Two of the best hospitals in the United States made headlines in the bad way recently when they were called out for deaths following what should have been routine blood transfusions. The two hospitals were the University of Texas MD Anderson Cancer Center in Houston and its neighbor across the street, Baylor St. Luke’s Medical Center.
In both cases, the events were what are termed “never events,” that is they should never happen in the absence of a medical error. That was true in both cases here as well: human error on the part of nurses who were caring for the patients cost them their lives. As is so often the case, it was not just a failure on the part of an individual nurse but the failure of the system to have the checks and balances in place to make sure these errors never occur.
At MD Anderson, the young leukemia patient was getting a transfusion. Unbeknownst to her or to the medical personnel, the blood she was given had become contaminated with bacteria. This is a rare occurrence, but it does happen. When it does, the patient’s vital signs will begin to deteriorate. If the nurses administering the transfusion are monitoring the patient’s vital signs, there should be ample time to stop the transfusion and administer antibiotics before any permanent harm is done. The nurses at MD Anderson were only checking the patient’s vital signs shortly after the start of the infusion and after the infusion was complete. This meant that hours went by when no one was monitoring the patient. The nurses testified they had not been trained to continue to monitor the patient.
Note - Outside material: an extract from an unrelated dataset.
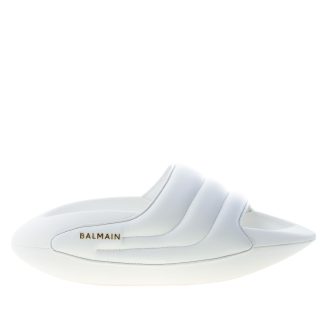 BALMAIN donna sandalo slide B-IT Puffy in pelle BIANCO con maxi platform
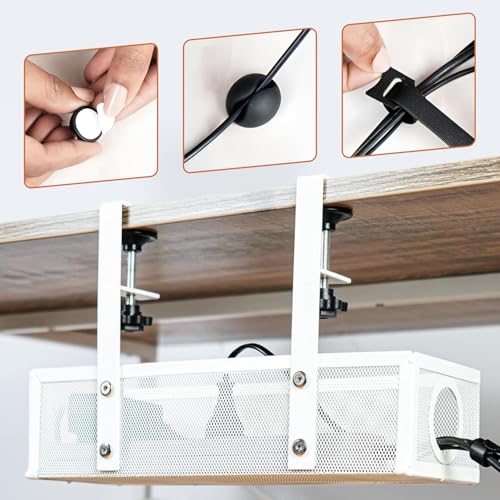 Image of Dyazo Adjustable Under Desk Cord Organizer | Screw Clamp Mesh Tray for Power Extension & Computer Wires | Includes Cable Clips & Tighteners Straps | Perfect Cable Management Holder for Office - White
When they were interviewed after the death, some of the nurses blamed the patient. They stated that patients were instructed to report if they developed problems and if the patient did not, it was the patient’s fault. It is scary when nurses expect patients to do their job for them and blame the patient when she is injured by poor nursing care. Patients are not the best persons to recognize a developing medical complication. They do not have the same training as the nurses and their illnesses may impair their ability to be completely aware of what is going on.
At Baylor St. Luke’s a patient was given the wrong blood type. How can this happen you might well ask? The patient had been brought to the emergency department and needed a transfusion. When the doctor ordered the transfusion, one of the nurses picked up a vial of blood from an earlier patient and put this patient’s identification sticker on the vial. Not only did she put it on the wrong vial, she put it on top of the identification sticker of the earlier patient. The lab analyzed the blood in the vial, matched it and send matching blood to the emergency department. Unfortunately, while the blood that was sent up matched the blood in the vial, it did not match that of the patient, who died shortly after being given the wrong blood.
These two sad stories remind us that medical malpractice is not as uncommon as the medical profession would like you to think it is and that it can and does occur at even the best hospitals. In both of these cases, the deaths prompted a review of procedures and changes to training and checklists to make it much less likely that these mistakes will be repeated. If there is a good thing that resulted from these unnecessary deaths, the improvements in procedures would be that good thing. It is too bad that patients have to die before hospitals recognize that perhaps their procedures are not adequate or that perhaps their nurses need more training.